What you have to do. Set down, word for word, the line with "Колодка гальм. диск." and the lines after it through the final line of the data below, without pictures.

Data excerpt.

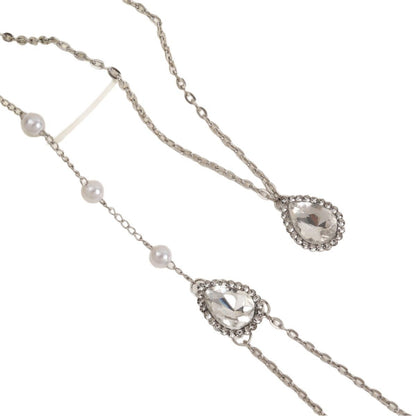 Buy Long Pearl Tassel Backless Evening Body Chain Jewelry global swanky 3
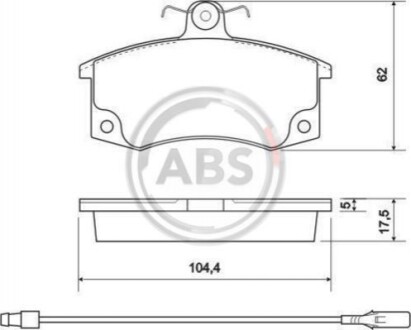 Колодка гальм. диск. ВАЗ 2110-12 перед. (ABS) A.B.S. 37079 (фото 1)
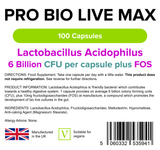 Pro Bio Live Max 6 Billion CFU Veg Capsules 100 Capsules - Master Vaper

Answer.
 Колодка гальм. диск. ВАЗ 2110-12 перед. (ABS) A.B.S. 37079 (фото 1)
 Pro Bio Live Max 6 Billion CFU Veg Capsules 100 Capsules - Master Vaper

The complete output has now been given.